И тут только Андрей Ильич прочитал в расширенных змеиных зрачках Сергея ужасное для себя известие: «Да он же просто сбрендил! Не выдержала психика! Это же истерика в чистом виде! Он же практически невменяем!» И колкий холодок пробежался по спине.
– Хорошо, хорошо, – аккуратно, старательно выбирая нужную интонацию, промолвил Демин, постепенно притормаживая и прижимаясь к обочине. – Я все понял, Сережа. Я все понял...
– Поворачивай! – прошипел Купцов, брызгая слюной, и взвел курок. – Не повернешь – убью!
– Я понял, понял... – сказал Демин и, неожиданно бросив руль, вцепился в запястья Сергея, пытаясь вырвать у того оружие. Но не тут-то было! Руки Купцова будто налились какой-то запредельной нечеловеческой силой, и добиться желаемого Андрею Ильичу совершенно не удавалось. И через какое-то время изнурительной, выбивающей испарину возни он понял, что, безусловно, проигрывает, что силы его – уже на исходе, и вот-вот случится непоправимое! И он последним волевым усилием рванул на себя револьвер и... оглох от выстрела. И замер в ожидании боли... Но ее все не было... Она не приходила... Ее точно не было!..
Он встрепенулся. Распахнул дверцу. Отшвырнул оружие в сугроб и только тогда, вздохнув с явным облегчением, повернулся к Сергею.
Повернулся и остолбенел. Из глубокой рваной раны на бедре Купцова сильными пульсирующими точками хлестала алая кровь! Однозначно – перебита артерия! Демин выскочил из машины, открыл заднюю дверцу. Схватил попавшую под руку аптечку. Зубами разорвал скользкую целлофановую упаковку и высыпал содержимое прямо на пол. Выхватил из кучи туго скрученный, заклеенный скотчем жгут, и его перекосило от пришедшей мысли: «А если он все же по дороге придет в себя?! У меня же ничего нет!
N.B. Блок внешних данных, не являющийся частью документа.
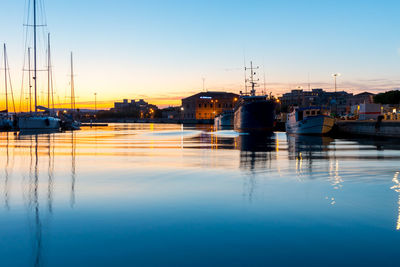 Sailboats moored at harbor against sky during sunset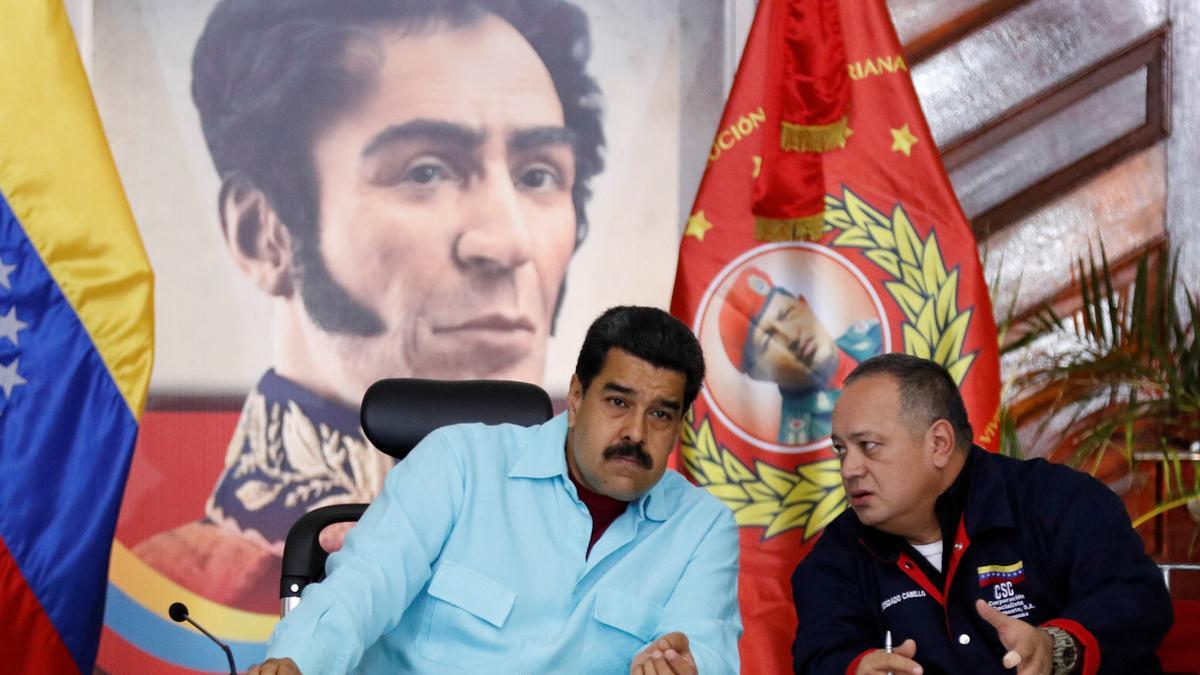 Venezuela's President Nicolas Maduro and Diosdado Cabello, deputy of Venezuela's United Socialist Party, speak during a meeting with governors and mayors in Caracas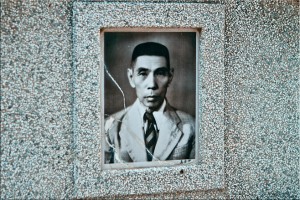Photo of a middle-aged man on a stone tomb ~ Chinese Graveyard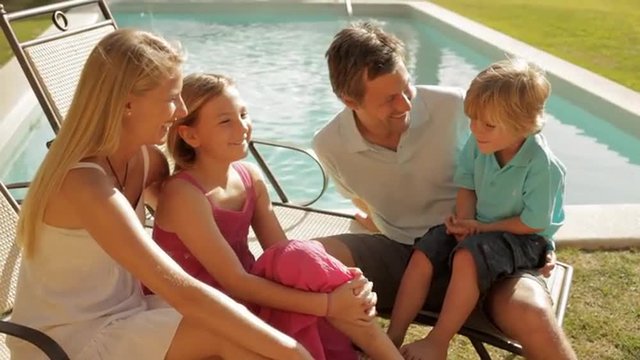 family group sitting by pool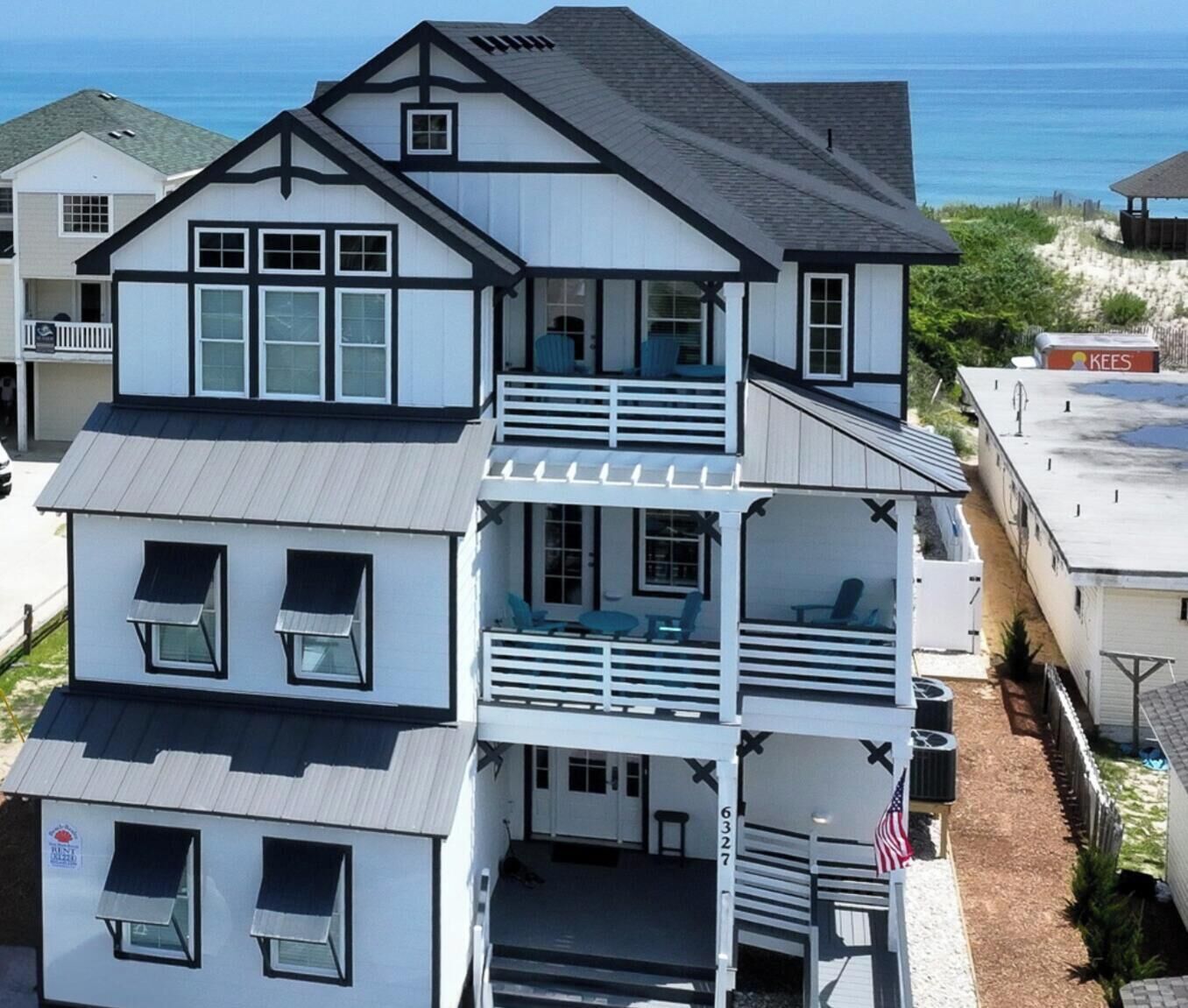 A multi-story house with a balcony on the second floor, a garage, and a view of the ocean.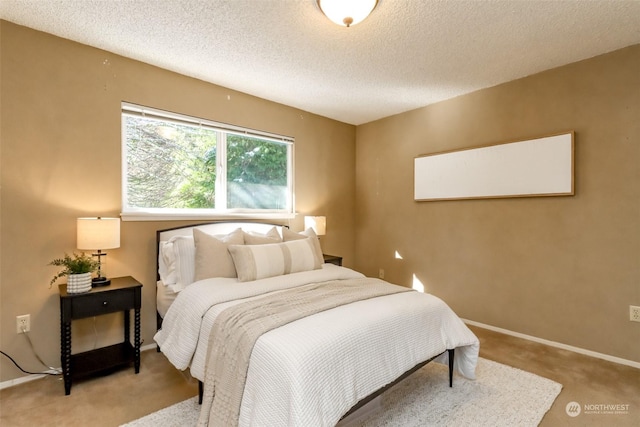 bedroom with light carpet and a textured ceiling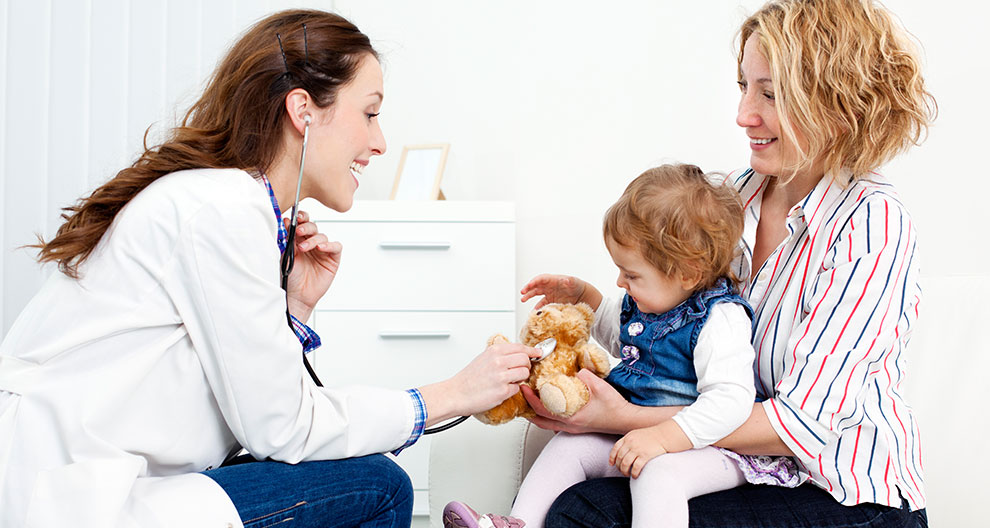 Een medewerker in de gezondheidszorg heeft interactie met een kind en een vrouw in een klinische omgeving.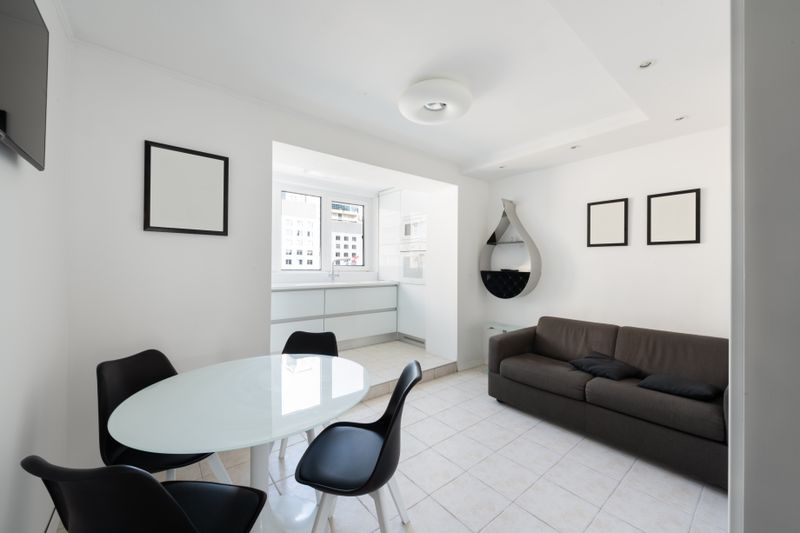 Interior of modern light house with glass table near chairs and couch with pillows near paintings and shelves on wall near entrance to kitchen with counter with window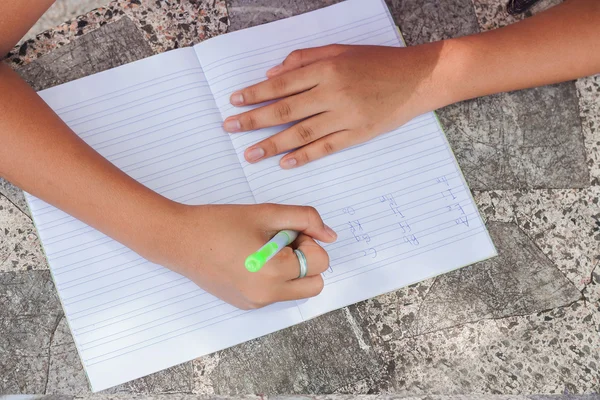 Hand meisje schrijven boek — Stockfoto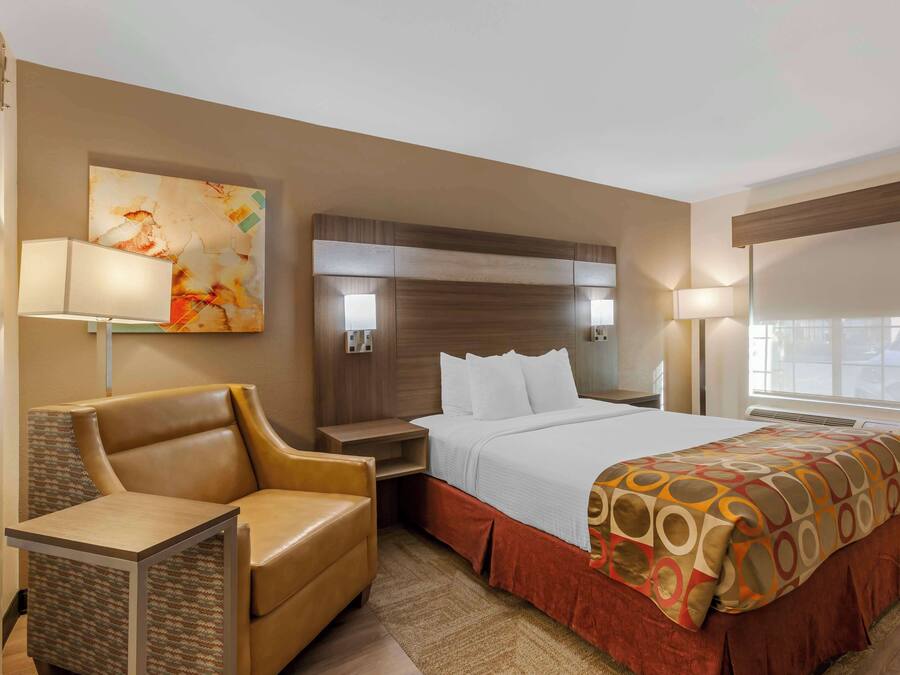 Quarto de hotel com cama, escrivaninha, cadeira, cabeceira e uma obra de arte na parede.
Ничего обезболивающего!.. Ничего... Все осталось там, у этих бандюков недобитых!.. Сколько у меня времени? Полчаса?.. Чуть больше? Рана, похоже, во второй трети бедра...»
Гнал по плохо расчищенному большаку на максимальной скорости. Джип поминутно бросало из стороны в сторону. «Только бы успеть! – неотвязно гвоздило в голове. – Только бы успеть!»
На трассу выскочил на полном ходу, почти не притормаживая. Машина какое-то время шла под углом, но, к счастью, выправилась, когда сообразил поддать газу.
– Потерпи, Серега, – бормотал Демин, мельком поглядывая на уложенного на откинутое сиденье белого, как мумия, Купцова. – Потерпи еще немного... Сейчас предупрежу наших, чтобы все готовили... – И он машинально зашарил по карманам в поисках сотового телефона, не в силах сразу сообразить, что трубка его тоже осталась у бандитов.
На крутом спуске, резко переходящем в глухой поворот, джип опять заметно повело. Демин, осторожно притормаживая двигателем, переложил руль в сторону заноса. Но на этот раз машина его не послушалась! Она никак не отреагировала на все его вполне разумные, давно уже отработанные до твердых навыков телодвижения. Она продолжала бездумно нестись по гладкому стеклу зауженной прошедшим снегопадом встречной полосы. Она продолжала безвольно, обреченно скользить вперед, срываясь в неисправимый гибельный вираж...
Дорофеев
Дорофеев откопал утонувший в сугробе автомат и, стоя за деревом, аккуратно очистил его носовым платком от налипшей снежной каши. Отсоединил магазин и, вытащив затвор, продул ствол, сожалея о том, что нет никакой возможности как следует обслужить оружие. «Ничего, – мелькнуло в голове, – машинка надежная. Давно проверено. Не подведет».
Нервный срыв у него закончился так же одномоментно, как и начался. Такое и раньше с ним случалось не раз. Особенно после той давней поездочки в Чечню. Теперь он был привычно собран и спокоен. И полностью готов действовать в дальнейшем точно и расчетливо, без всяких эмоций, как вполне приличный боец.
Игорь внимательно осмотрел зазубренную верхушку скалы, задерживая цепкий взгляд на каждом уступе, который подошел бы для огневой точки. Но не заметил ничего подозрительного. Широкий скальный карниз выдавался далеко вперед и был срезан под значительным углом по направлению к проходу. Залечь там под прикрытием было весьма проблематично. Не давал возможности прилично затихариться и старый ельник, хоть и захламленный ветроломом, но все же довольно легко просматриваемый насквозь.
– Иди сюда, чмо непутевое, – позвал он притаившегося за поваленным деревом Солдата. – Иди, сказал, не трясись, как прошмандовка. Больше ничего пока не будет. Иди, говорю!
Солдат подошел, все еще испуганно озираясь по сторонам. «Хоть помповуху не потерял, говнюк, и то ладно...» – покривился Игорь.
– Пошли посмотрим, что там такое было.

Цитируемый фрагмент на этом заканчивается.